Provided that no order shall be made unless notice of the application has been given to all persons affected thereby.

 

4[Provided further that the deposit under this sub-rule may be made within sixty days in all such cases where the period of thirty days, within which the deposit had to be made, has not expired before the commencement of the Code of Civil Procedure (Amendment) Act, 2002.

 

(3) No suit to set aside an order made under this rule shall be brought by any person against whom such order is made.

 

5[(4) Where a third party challenges the judgment-debtor’s title by filing a suit against the auction-purchaser, the decree-holder and the judgment-debtor shall be necessary parties to the suit.

 

(5) If the suit referred to in sub-rule (4) is decreed, the Court shall direct the decree-holder to refund the money to the auction-purchaser, and where such an order is passed the execution proceeding in which the sale had been held shall, unless the Court directs, be revived at the stage at which the sale was ordered.]

 

HIGH COURT AMENDMENTS

 

Allahabad.-In Order XXI, in rule 92, in sub-rule (1), after the words “the Court shall make”, insert the words “subject to the provisions of rule 58 (2)”.

 

[Vide Notification No. 4084/35(a}-3(7), dated 24th July, 1926.]

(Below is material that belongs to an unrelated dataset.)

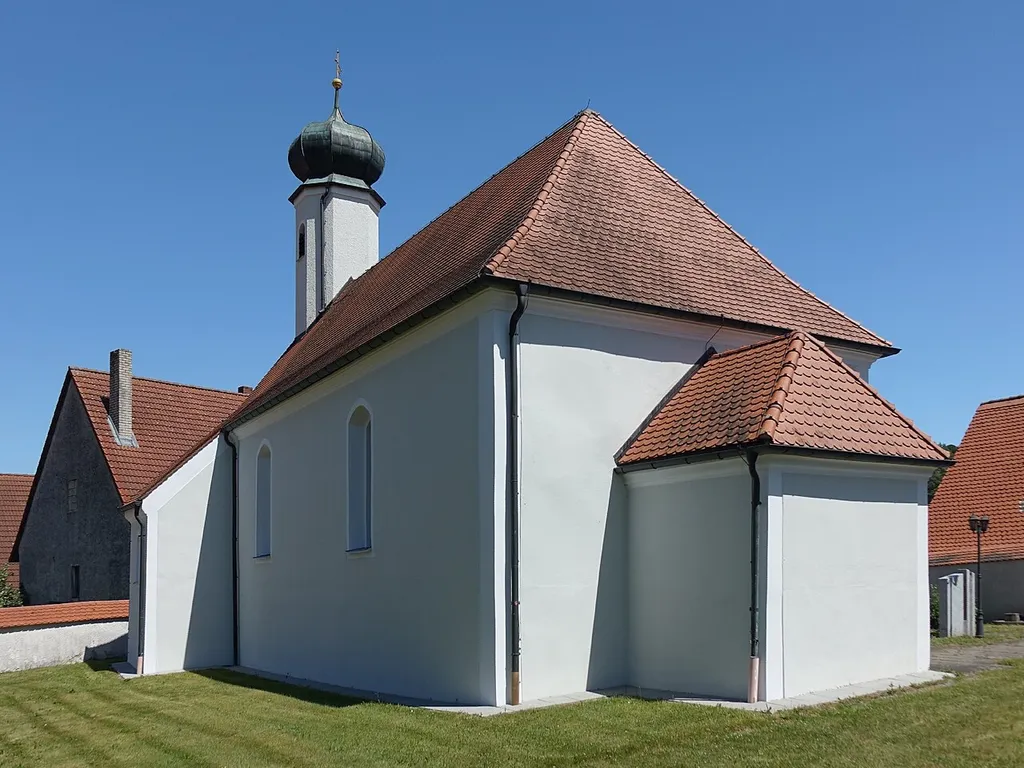 The church St. Johann Baptist in the church village Albertshofen, a district of the town of Velburg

Andhra Pradesh.-Same as in Madras. Bombay.-In Order XXI, in rule 92,-

(i) in sub-rule (1), insert the following proviso, namely:-

 

“Provided that before confirming the sale the Court shall satisfy itself that the amount paid under rule 85 for the purchase of general stamp paper for the certificate under rule 94 is sufficient for the purpose in accordance with the rate in force at the time of confirmation and may, notwithstanding anything contained in ru
le 86, give the purchaser such times as it thinks fit for making good any deficiency.” (w.e.f. 1-10-1983) (ii) in sub-rule (2), insert words as in Madras by only substituting the words “has become deficient” for the words “has been diminished”.

 

[Vide Notification No. Bl-3312-58, dated 7th April, 1959.]

 

Kerala.-In Order XXI, in rule 92, in sub-rule (2),–

(i) for the words “thirty days”, substitute the words “sixty days”, (w.e.f. 9-2-1988)

 

[Ed.-This amendment relates to sub-rule (2) prior to its amendment made by the Central Act 22 of 2002, sec. 14 (w.e.f. 1-7-2002).]

 

(ii) after the words “from sale”, insert the words “and in case where the amount deposited has become deficient owing to any cause not within the control of the depositor such deficiency has been made good within such time as may be fixed by the Court”.

 

Madhya Pradesh.-In Order XXI, in rule 92, in sub-rule (1), after the words “the Court shall make”, insert the words “subject to the provisions of rule 58 (2)”.

 

[Vide Notification No. 3409, dated 29th June, 1943,]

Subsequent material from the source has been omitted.